Use Firefox, or, with Chrome, turn off hardware acceleration. Should fix your problem.


----------



## OhFiddle (Dec 11, 2006)

I'd already been trying turning the hardware acceleration on and off to test it since I started having issues, and it never made any noticeable difference for me up to this point. The choppiness is also not always gone in Firefox for me still, it is usually just significantly better than the Chrome based browsers...but not always. 

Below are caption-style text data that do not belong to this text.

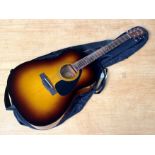 Yamaha Guitar F310P, Acoustic guitar with case, includes two instruction books for Beginners.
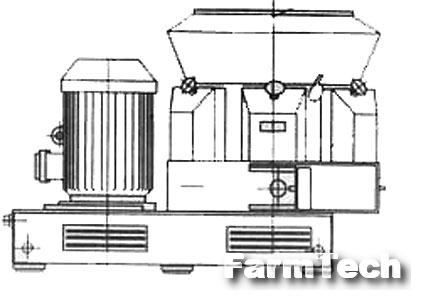 Измельчитель-смеситель кормов ИСК-3А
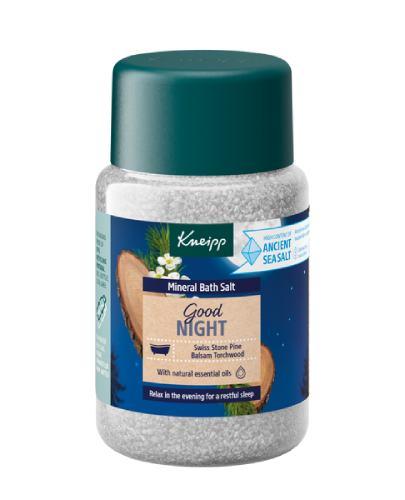Kneipp Kryształki do kąpieli z soli mineralnej Good Night Szwajcarska pinia i Amyris, 600 g zdjęcie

One day it was working particularly strange. I was trying to watch it in Opera (same flash plugin as Chrome) and the video was horribly choppy. I thought I would try toggling the hardware acceleration, which didn't make a difference at all. But, just right clicking on the flash video to access the flash menu with the hardware acceleration option made the video play flawlessly. As long as I left that right-click menu open on the video it played perfectly. The second I closed the menu the stuttering resumed. I repeated this behavior with the same result at least 15 times during the video. I thought maybe this happened because accessing the flash menu also made the tivo player controls disappear and perhaps they were causing the stuttering somehow? But, the next day I tried the same thing and it didn't work anymore. Very odd. Even stranger....prior to that day, right clicking to access that flash menu would cause the video to freeze while the audio resumed.

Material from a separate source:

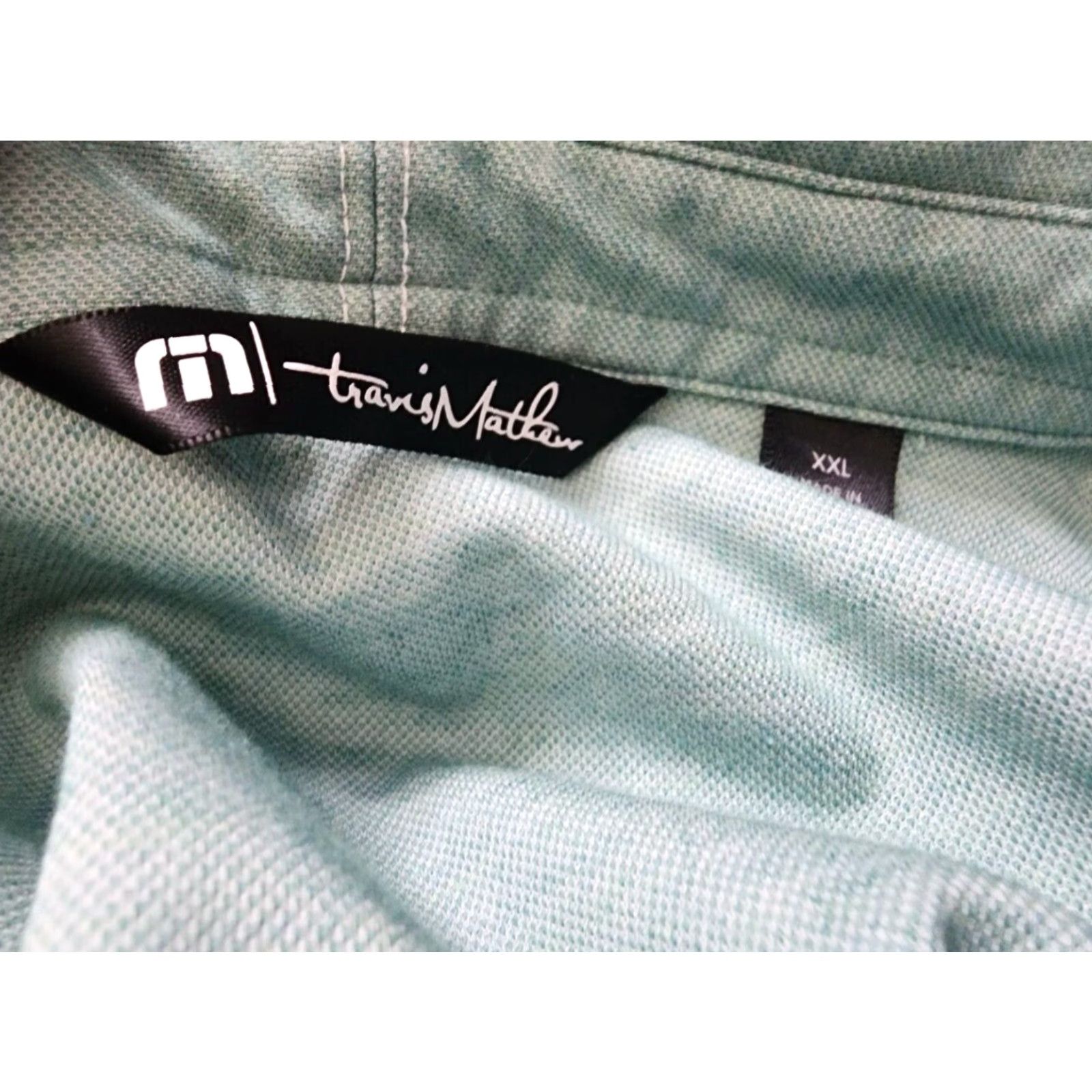TravisMathew Travis Mathew Golf Performance Polo Shirt Mens XXL Green Winter Run Challenge Size US XXL / EU 58 / 5 - 6 Thumbnail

It is hard to know for sure if any changes to the playback are caused by a change on my computer, their website, or the tivo itself.


----------



## moyekj (Jan 24, 2006)

Works fine for me with Firefox on Win 10 64-bit after updating Flash plugin to latest version.


----------



## Dulanic (Dec 15, 2015)

This has been happening here lately... something changed and I know it isn't on my side. I have 3 PC's and all 3 have issues now. 1 Linux 2 Windows. Router has been rebooted "just in case" but no help. The android app has 0 issues since it isn't use online.tivo.com.


----------



## mhalladay (Feb 12, 2007)

justen_m said:


> Use Firefox, or, with Chrome, turn off hardware acceleration. Should fix your problem.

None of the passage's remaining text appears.